В Вавилоне ли, в Риме, Париже или Петербурге проституция всегда занимала соответствующее место в социальной иерархии. И если в сословных иерархических списках ей отводилось последнее место, то это вовсе не значит, что она ютилась на городских окраинах и задворках. Так, наиболее доступные питерские проститутки с демонстративным достоинством знатных леди предлагали себя в самом центре города, на тесном «Пятачке» – так называемом «Минетном углу» Невского проспекта, что находится у входа в Гостиный двор со стороны Перинной линии. Раскрашенные красавицы в определенных кругах так и назывались: «Пятачковые». О них ходили частушки весьма фривольного свойства:

 
В Петербурге, ты поверь,
Ходят девки на панель.
Дело их артельное —
Строительство панельное.
 

Как известно, после революции публичные дома были законодательно запрещены. Проституткам приходилось терпеливо ожидать делового приглашения в номера гостиниц для иностранцев. Как анекдот рассказывают будто бы подлинный случай, имевший место на автобусной остановке у интуристовской гостиницы «Карелия». Здесь на фонарном столбе длительное время висело объявление: «Продаются щенки боксера – рыжие девочки». Какой-то доморощенный знаток, не лишенный юмора, жирно зачеркнул «щенки боксера» и приписал: «И не только рыжие. Обращаться в „Карелию“». И, добавим от себя, не только в «Карелию». Как говорится в фольклоре: «Таких и в Питере полно дурочек».

 
У Петровского причала,
Там, где сфинксов парапет.
На общественных началах
Девки делают минет.
 

К сожалению, имидж Петербурга, как портового города со всеми легко доступными удовольствиями, поддерживается до сих пор. Вот анекдот, придуманный в Ленинграде. Заспорил грузин с ленинградцем, где эхо лучше – в Грузии или в Ленинграде. Поехали в Грузию. Пошли в горы. Крикнули: «Бляди-и-и-и-и…» И в ответ услышали многократное: «Бляди… бляди… бляди…» Вернулись в Ленинград. Встали посреди Исаакиевской площади: «Бляди-и-и-и-и…» И через мгновение услышали со стороны Московского вокзала: «Идем…»

В другом анекдоте из знаменитого цикла «Армянское радио спросили…» приоритеты расставлены еще более определенно: «Что будет, если у всех б… в стране начнут светиться глаза?» – «Везде будут белые ночи, как в Петербурге».
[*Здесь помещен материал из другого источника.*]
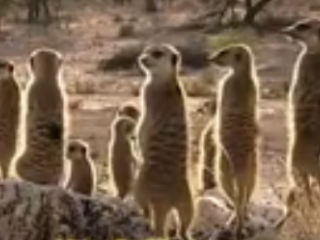 ویدئو :     مستند کوتاهی بر زندگی بامزه میرکت ها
У питерских «камелий» есть свои прозвища, которые более похожи на изящные эвфемизмы, придуманные специально для обозначения «шикарных проституток»: «Невские ласточки», «Дамы из Гостиного», «Евы с Галерной гавани». Однако есть и другое. Так, об опустившейся, грязной «дешевке» говорят: «Как с Московского вокзала», а о девицах, промышлявших в парке имени В. И. Ленина вблизи Петропавловской крепости, в советские времена говорили: «Парколенинские промокашки».